III. DETAILED PROCEDURAL HISTORY AND BACKGROUND
On October 6, 2013, the Debtor commenced the Bankruptcy Case (No. 13-22062) by the filing of a voluntary petition under chapter 7 of the United States Bankruptcy Code, and received therein a general discharge. On March 14, 2014, the Plaintiff commenced the instant Adversary Proceeding (No. 14-2013) by the filing of a two-count complaint (heretofore and hereinafter, the "Complaint") requesting in Count One that the Court determine nondischargeable pursuant to United States Bankruptcy Code Sections 523(a)(5) and/or 523(a)(15) a certain debt to her incurred by the Debtor.
The deadline for filing a complaint objecting to the entry of a discharge under §727, or to challenge the dischargeability of certain debts pursuant to §523(a)(2), (4) or (6), was January 13, 2014, ECF No. 2. No objections were filed, and the Debtor received his general discharge on January 15, 2014, ECF No. 29.
In Count Two, the Plaintiff sought a determination that any future attorneys' fees awarded by the Connecticut Superior Court in connection with a contempt proceeding in that court, be determined non-dischargeable. At a preliminary non-evidentiary hearing on the Motion to Dismiss held August 7, 2014, the Plaintiff agreed that the Count Two of the Complaint could be dismissed.
The Complaint addressed an unsecured, undisputed debt of the Debtor for approximately $61,000 owed to Mrs. Crotty, the Plaintiff's mother and the Debtor's former mother-in-law, listed by the Debtor on Schedule F (Creditors Holding Unsecured Nonpriority Claims), ECF Nos. 1 and 19. That debt is represented by two partially paid promissory notes, one obtained in 2002 in the original amount of $55,000 (hereinafter, the "First Note"), Exhibit A, and the other obtained in 2008, in the original amount of $31,600 (hereinafter, the "Second Note") (collectively, the "Notes"), Exhibit B.
"ECF No. ___" refers to the docket of Case No. 13-22062; "Adv. ECF No. ___" refers the docket of Adversary Proceeding No. 14-2013.
Exhibits designated alphabetically denote Plaintiff's exhibits; exhibits designated numerically denote Debtor's exhibits.
On the Debtors' Financial Affidavit filed in connection with the parties divorce, Exhibit 3, the Debtor indicated that the balance due was $30,000 on the First Note, and $31,000 on the Second Note. The Plaintiff asserts in her Adversary Complaint that the present balance due on both Notes is $61,932.86. Mrs. Crotty filed a timely proof of claim for $62,680.34, Claim No. 5-1. The discrepancy between the different numbers has not been explained. The First Note required periodic monthly payments over 15 years with an annual interest rate of 8%. The Second Note required the payment of interest only over the 5 year term of the loan at an annual interest rate of 6% and called for a balloon payment of the principal amount of the loan on June 1, 2013. The Plaintiff has not asked this Court to determine the exact amount of the remaining balance on the Notes.
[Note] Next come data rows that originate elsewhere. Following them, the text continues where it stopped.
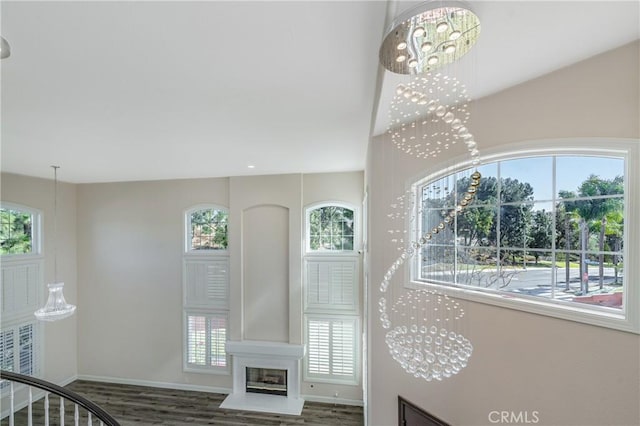 429 Somerset Cir, Corona, CA 92879 - foyer featuring a chandelier, wood finished floors, and baseboards
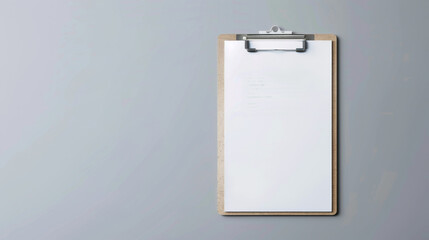 A minimalist clipboard against a stark gray background with a blank sheet of paper clipped, emphasizing simplicity and organization.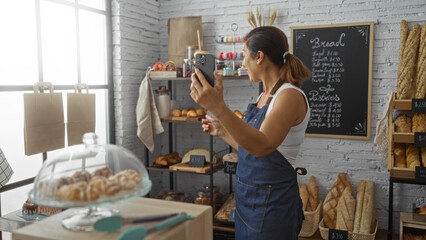 Hispanic woman making a video call inside a bakery, surrounded by bread and pastries, wearing an apron, against a backdrop of a chalkboard menu and paper bags hanging from a window.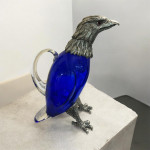 Victorian style silver plated claret jug in the form of a standing eagle (blue glass)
Through the Divorce Action the Plaintiff and the Debtor terminated their marriage through the Separation Agreement dated November 21, 2012, incorporated into the Plaintiff's and Debtor's Dissolution of Marriage Judgment (hereinafter, the "Divorce Judgment"), Exhibit 1, and approved by the Superior Court that same day. The relevant language of the Separation Agreement provides, "[s]pecifically, Husband shall be solely responsible for . . . the two (2) promissory notes payable to Ann Crotty; and shall indemnify and hold harmless wife re same." Exhibit 1, ¶ 10, p. 15 (emphasis added).
Through Count One of the Complaint, the Plaintiff seeks the Court's determination that in light of the terms of the above-referenced provision of the Separation Agreement the Debtor's discharged debt to Mrs. Crotty is also a debt that is non-dischargeable as to the Plaintiff as a debt to a "former spouse . . . incurred by the debtor in the course of a divorce or separation or in connection with a separation agreement, divorce decree or other order of a court of record" as provided in Bankruptcy Code §523(a)(15). On June 30, 2014, the Debtor responded to the Complaint by filing an Answer and Special Defenses, Adv. ECF No. 16, in which, as to Count One, he avered he had no obligation to pay the debt to Mrs. Crotty in the Separation Agreement but only to assume responsibility for the debt and that the debt was not owed to the Plaintiff as a "former spouse."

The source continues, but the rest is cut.